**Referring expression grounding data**
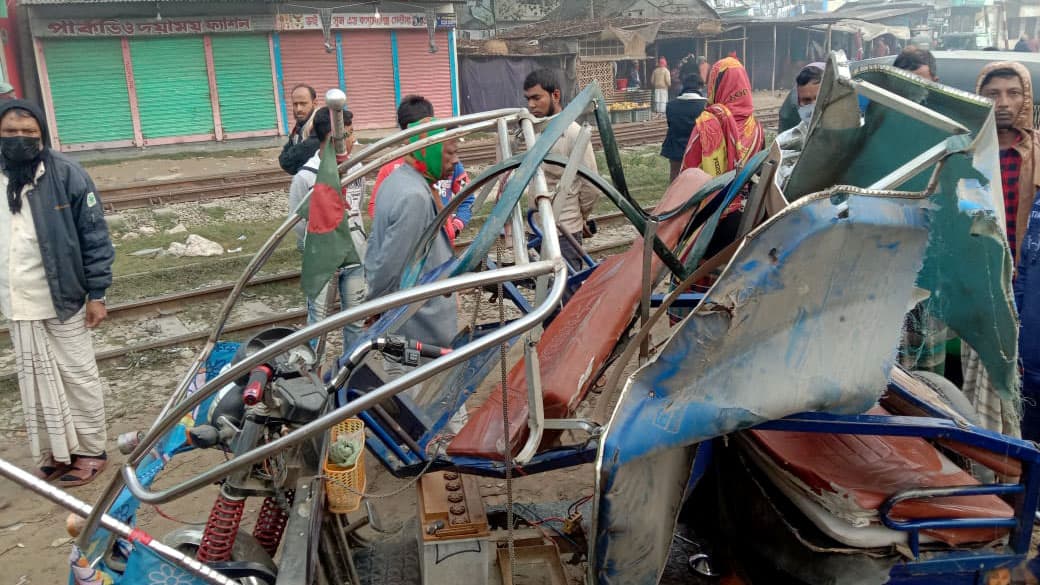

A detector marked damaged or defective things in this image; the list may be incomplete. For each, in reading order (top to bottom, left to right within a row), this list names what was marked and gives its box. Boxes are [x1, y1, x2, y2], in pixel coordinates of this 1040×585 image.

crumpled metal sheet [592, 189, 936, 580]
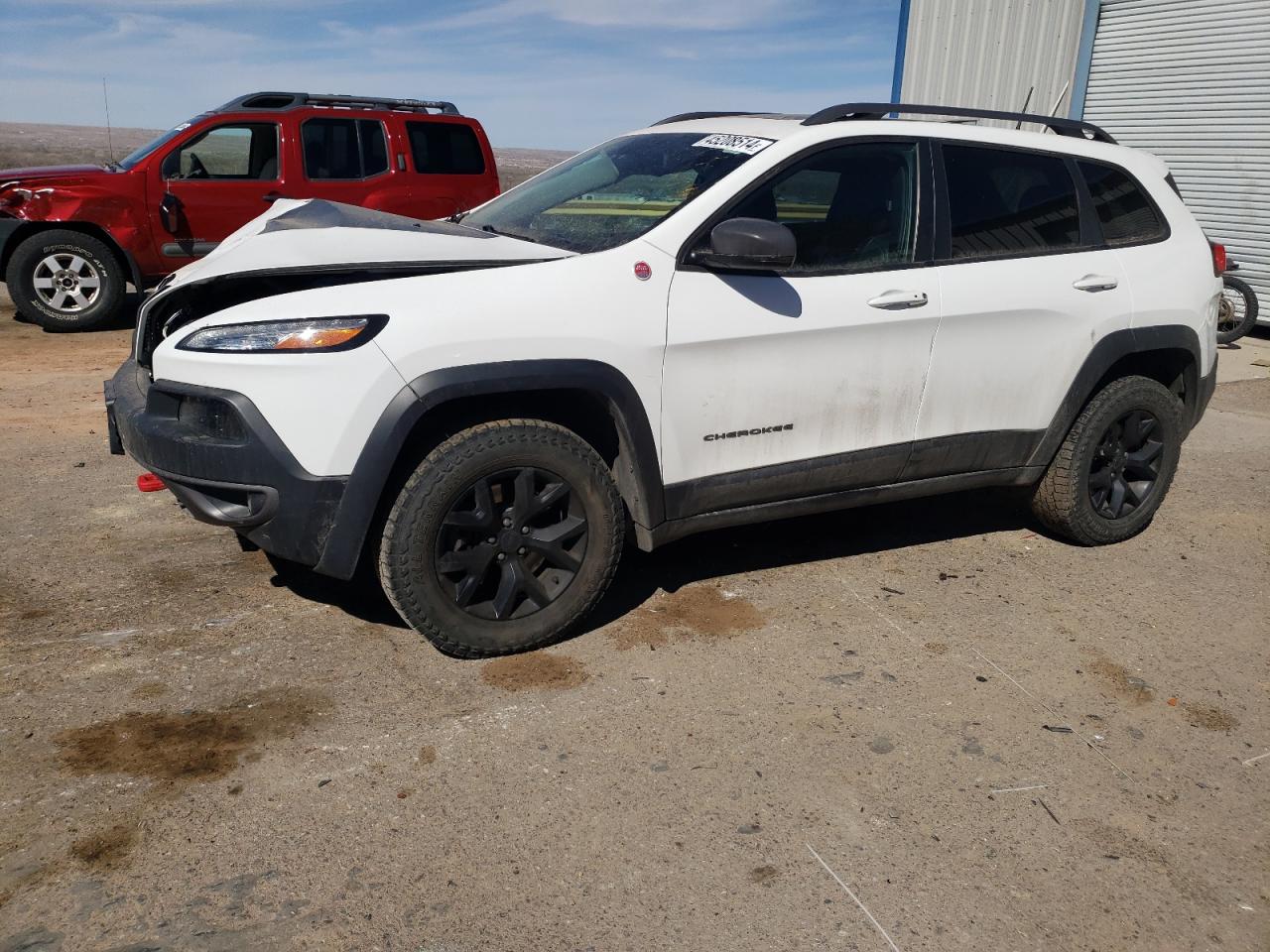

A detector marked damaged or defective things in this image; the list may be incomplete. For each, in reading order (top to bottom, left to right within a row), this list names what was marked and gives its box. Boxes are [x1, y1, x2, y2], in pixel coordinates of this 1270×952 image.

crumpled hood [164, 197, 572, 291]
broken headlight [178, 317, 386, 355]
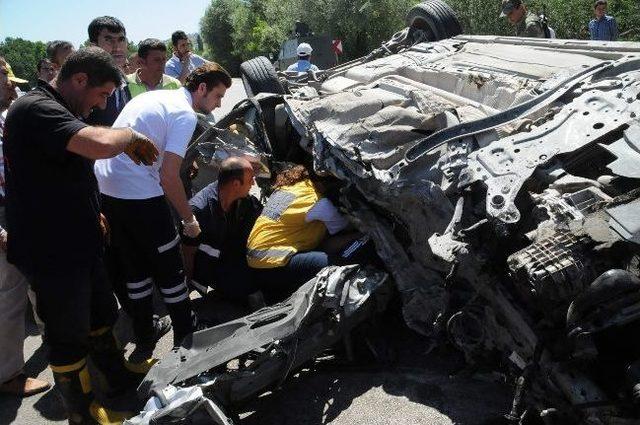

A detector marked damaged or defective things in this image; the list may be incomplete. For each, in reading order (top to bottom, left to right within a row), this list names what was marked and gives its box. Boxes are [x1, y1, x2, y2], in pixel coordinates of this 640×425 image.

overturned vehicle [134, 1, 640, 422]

**Instructions to follow**
Leaving the images behind, set down every entry word for word.

**Result of the task**
A detector marked damaged or defective things in this image; the list may be incomplete. For each, in reading order (top to bottom, left to right within a row), this list names what was marked and gives its box. Boxes are [x1, y1, x2, y2], in pixel coordinates of this 1040×585 image.

crumpled metal sheet [592, 189, 936, 580]

A detector marked damaged or defective things in this image; the list may be incomplete. For each, in reading order (top to bottom, left to right within a row), this list names what was marked and gives its box. Boxes are [x1, y1, x2, y2], in pixel coordinates of this 1270×952 image.

crumpled hood [164, 197, 572, 291]
broken headlight [178, 317, 386, 355]

A detector marked damaged or defective things in this image; the list may be incomplete. For each, in reading order (top to bottom, left to right within a row), this list names what was marked and gives its box. Boxes are [x1, y1, x2, y2], in pixel coordinates of this 640×425 image.

overturned vehicle [134, 1, 640, 422]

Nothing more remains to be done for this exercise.